Kagome was looking at him with big, curious wet eyes. He hesitantly met her stare. "Kagome, if we get married, I can't tell ya that people would be happy about it," His voice started out weaker and quieter than he liked. He cleared his throat and tried again.

"I mean, you're attached to this place and all, and I'm just sayin' that we might not be able to stay, and if we are not ran out or somethin', you might not be able to stay a priestess since you won't be pure anymore or whatever," He trailed off, his face a violent red. He rubbed the back of his neck and forced himself not to look at her.

Here it comes. The "oh, that's how it is? Ok, let's not". Then they'd go back living dishonorably and pretend it never happened and Inuyasha would go back to tearing his hair out while staring at Kagome's dilapidated reputation.

"I don't care about that."

Wait. What?

"This place isn't my home, Inuyasha. We could move a thousand times, I don't care. Wherever you are is home."

Hold on. What? What? Was he hearing this wrong?

"I mean, I'm sort of at my purest with you, aren't I? Love is pure, isn't it? I don't think priestess powers have anything to do with all this purity junk like who I marry and love. It's all about what's inside, right? So I'll still have them." Kagome continued on, but after a while Inuyasha tuned her out.

Kagome wanted to marry him? Even with the possible side effects? The rejection? All of it? Inuyasha's heart was beating very, very fast. He could feel it hammering against his chest.

"Keh," he interrupted Kagome mid-word, although he did not feel 'keh'. She stared at him, her brows nettling together in irritation at being cut off. Her face changed from angry to stunned within the next four words. "Let's get married then."

"R-really?"

"Of course really. You think I'm jokin' or something? We don't have to get stupid human married if you're gonna raise such a fuss about it," Inuyasha huffed, defensively crossing his arms.

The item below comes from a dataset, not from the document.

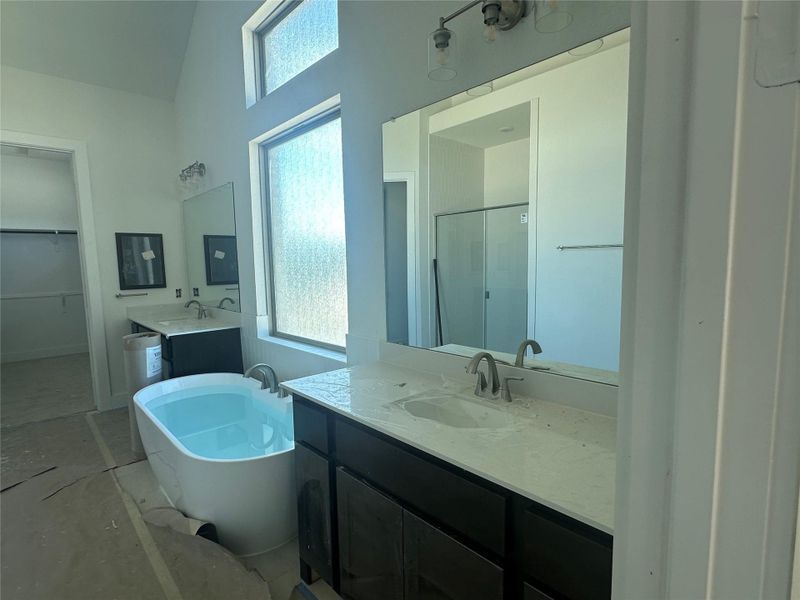 Primary Bath retreat with dual vanities and soaking tub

"Three sips and everything?"

"Duh."

Kagome stared at him for a long time, long enough for his ears to droop a little, before she let out a breathy little laugh. Inuyasha's ears perked back up at the faint, happy sound. Kagome kept laughing, kept giggling, even when Inuyasha crept closer to see what was wrong with her. "We're going to get married!" She exclaimed, as way of an explanation.

"Yeeeeeeah?" Inuyasha ventured, his voice dragging on hesitantly.

"Inuyasha!" The excited call blew out of Kagome, and before Inuyasha could think, he had 120 lbs of Kagome Higurashi coming into his chest. He let her topple them over, onto the grass, white and black hair mixing into green, still stupefied. Before he could shake her into her senses, Kagome was pressing her mouth into his, giggling still, laughing. "Kagom—," he mumbled against her lips, clawed hands reaching up to grab her elbows, but before he could finish her name, the twenty-two year old was dragging herself off the ground and away from him. There was a brief stab of hurt at the rejection, and Inuyasha sat up to watch her go.

But Kagome wasn't second guessing their decision. She was hopping up, slip-sprinting into her wooden geta, tugging up her hakama, and running full-tilt down the hill yelling, "Sango! Sango! I'm getting married! I'm going to get married! I told you he would!"

A disbelieving chuckle escaped Inuyasha. He let himself fall back onto the grass. "I'm getting married," he finished, in disbelief.